Generative Engine Optimization: the 2026 founder's checklist

Most paid-ads founders we talk to have never heard of llms.txt. A smaller group has heard of it and assumes it's something to do with "later." Meanwhile, AI assistants are actively fielding questions like "best tool to stop wasting money on Google Ads" right now—and the answer they return is whoever showed up in their training data and crawl index. Not whoever has the best product, and not whoever has the most recent funding announcement.

That's the real GEO problem: it's invisible until it's urgent. You don't feel the missing citation the way you feel a broken ad. But the compounding cost is real.

TL;DR — GEO checklist 2026

GEO (Generative Engine Optimization) is the discipline of making your site citable by AI systems—ChatGPT, Perplexity, Claude, Gemini—not just rankable by Google.
The technical floor is six items: crawlers allowed, sitemap submitted, llms.txt live, structured data on every page, Core Web Vitals clean, AI-referrer analytics wired up.
The content floor is six more items: author E-E-A-T signals, FAQ schema, primary-source claims (real numbers, not hedged generalities), topic cluster architecture, outbound citations to authoritative sources, and at least one piece of original research only you can publish.
AI systems cite content pages, not homepages—every checklist item exists to make individual pages citable.
The fastest single move: publish llms.txt at your root today.
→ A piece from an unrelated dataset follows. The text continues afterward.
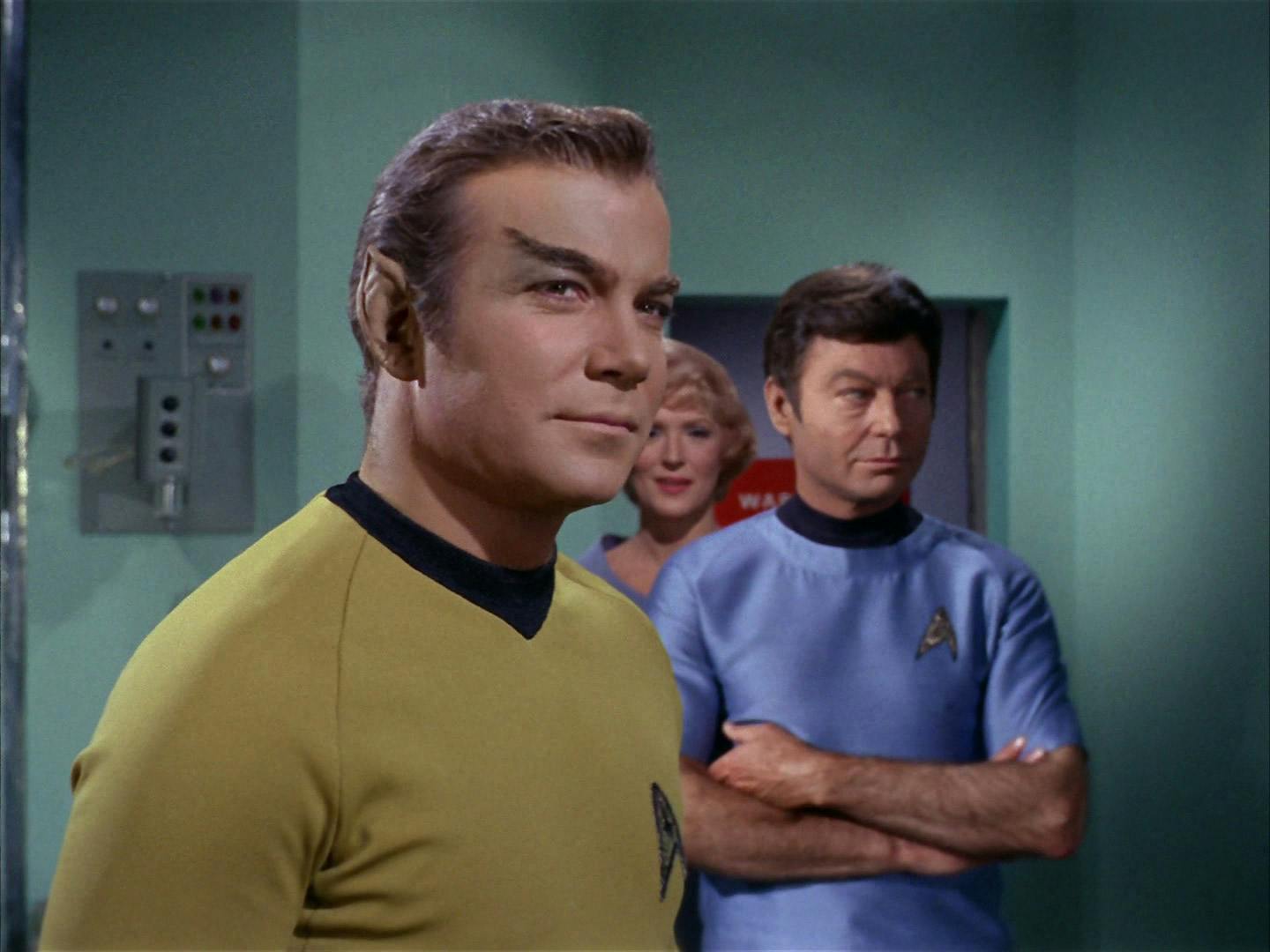 Kirk poses as a Romulan officer with McCoy's assistance as Nurse Chapel looks on in 'The Enterprise Incident'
It takes under an hour and signals intent to every major AI crawler.

The 12-item checklist

We split this into two halves: technical foundation (things that must be in place before content does anything) and content signals (things that determine whether AI systems trust you enough to cite you).

Technical foundation

robots.txt explicitly allows AI crawlers (GPTBot, PerplexityBot, ClaudeBot, OAI-SearchBot)
XML sitemap generated and submitted to Google Search Console and Bing Webmaster Tools
llms.txt live at your root domain
Schema.org JSON-LD on every public page (Article, FAQPage, HowTo, or SoftwareApplication as appropriate)
Core Web Vitals passing (LCP under 2.5s, CLS under 0.1, INP under 200ms)
AI-referrer analytics tracked separately from organic search

Content signals

Named author with full E-E-A-T profile (bio, headshot, credentials, social proof)
FAQPage schema on any page targeting a conversational query
At least one primary-data claim per post (a real number, a test result, a comparison only you ran)
Topic cluster architecture: one pillar page per niche, cluster posts that link back to it
Outbound citations to primary sources (studies, platform docs, not other blog posts)
At least one piece of original research published per quarter

Current state of AI crawlers

Before you touch robots.txt, know exactly what you're allowing. These are the four crawlers that matter most right now:

Crawler	Operator	What it fetches	Allow/block directive	Official docs
GPTBot	OpenAI	Pages for model training	`User-agent: GPTBot`	openai.com/gptbot
OAI-SearchBot	OpenAI	Pages for ChatGPT live search	`User-agent: OAI-SearchBot`	openai.com/searchbot
PerplexityBot	Perplexity AI	Pages for real-time answer synthesis	`User-agent: PerplexityBot`	docs.perplexity.ai/guides/bots
ClaudeBot	Anthropic	Pages for training and retrieval	`User-agent: ClaudeBot`	anthropic.com/claude-bot

GPTBot and OAI-SearchBot are distinct. GPTBot feeds training data; OAI-SearchBot feeds live ChatGPT search results. If your only goal is to appear in current ChatGPT answers (not future model training), OAI-SearchBot is the one that matters today. Allow both unless you have a specific reason not to.

Why each item matters

Items 1–2: crawlability is table stakes. Many Next.js apps go live with a staging robots.txt that blocks all crawlers. If GPTBot can't read your site, you don't exist to ChatGPT—full stop. The sitemap ensures crawlers find every page, not just the ones linked from your homepage.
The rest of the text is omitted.